Sunday, June 7, 2009

The history of Psychology

So where to start with the research on the history of psychology? what could be a better place to start with other than Wikipedia...cough cough ;/

What I learned through Wikipedia:

Something I already knew - Psychology's historical birth place is Ancient Greece/Greek culture, with psych thought evidenced in Ancient Egypt - something I didn't know (hard to believe since I have a strong passion for everything Egyptian)

Something I didn't give much though too until now is the connection between the disciplines of psychology and philosophy (just between you and I, I get the terminology mucked up from time to time) In fact Philosophy dates back to the ancient Greeks and since then to 1879 Psychology was considered a branch from Philosophy. Apparently it was the German's and the American's in 1879 which considered the Psychology it's own discipline.

Something I had never really considered is everyday life and human behaviours of past civilisations - how they may have suffered from the same types of issues we currently deal with today - and I guess that because of modernity, industrialisation and more recently the information age, they morethan likely would of dealt with issues that we would not even dream about or experience today. For example what the community may have done in ancient Egypt, Greece, China, India in regards to mental illness

So obviously the issue of mental illness and associated behaviours were apparent in ancient cultures and there answer and contingency was clear and logical consideration to humaln psychology. (Makes me wonder what ever the hell happened in the Middle Ages - it's like all humans becamse dumb and thoughless (Ah! control by religion may of been reflected like this on the middle age society)

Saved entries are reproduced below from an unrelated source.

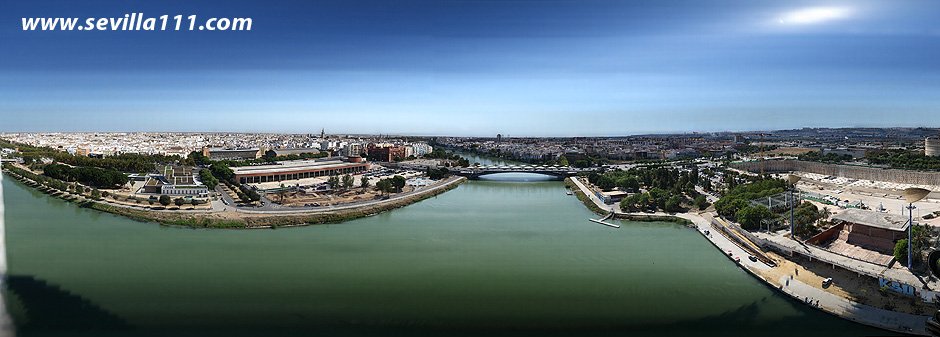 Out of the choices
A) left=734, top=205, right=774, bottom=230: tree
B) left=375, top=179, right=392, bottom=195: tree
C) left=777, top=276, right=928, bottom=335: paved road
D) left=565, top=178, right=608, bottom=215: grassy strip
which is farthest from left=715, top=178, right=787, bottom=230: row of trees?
left=375, top=179, right=392, bottom=195: tree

Talking about the middle ages it was at this time that the middle east practiced clinical and experimental forms of psychology - well apparently they practice what we would call today clinical phsycology and had infastrucuture which would compare to mental hospitals of today.

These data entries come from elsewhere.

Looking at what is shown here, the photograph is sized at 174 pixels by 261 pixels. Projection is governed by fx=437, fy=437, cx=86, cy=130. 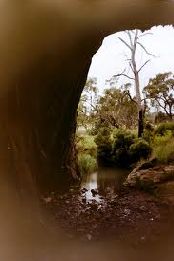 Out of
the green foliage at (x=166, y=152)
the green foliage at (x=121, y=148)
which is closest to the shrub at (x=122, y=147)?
the green foliage at (x=121, y=148)

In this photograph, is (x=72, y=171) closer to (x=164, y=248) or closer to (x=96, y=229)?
(x=96, y=229)

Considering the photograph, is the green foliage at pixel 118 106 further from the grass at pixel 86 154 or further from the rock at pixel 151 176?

AH finally getting somewhere with wikipedia... So we have learned that the psychology that we practice today owes it's roots to the realisation in 1879 that it was a discipline to it's own and the German feller Wilhelm Wundt founded the first lab dedicated to the disciplin. (Somewhere in Leipzig.

Wikipedia also lists "other important early contributors to the field include:
Hermann Ebbinghaus (a pioneer in the study of memory)
William James (the American father of pragmatism)
Ivan Pavlov (who developed the procedures associated with classical conditioning). I know this name and associate it with the behavioural experiments he conducted with dogs, and of course the connections of this type of behavioural theory and learning. The other two - wouldn't have a clue!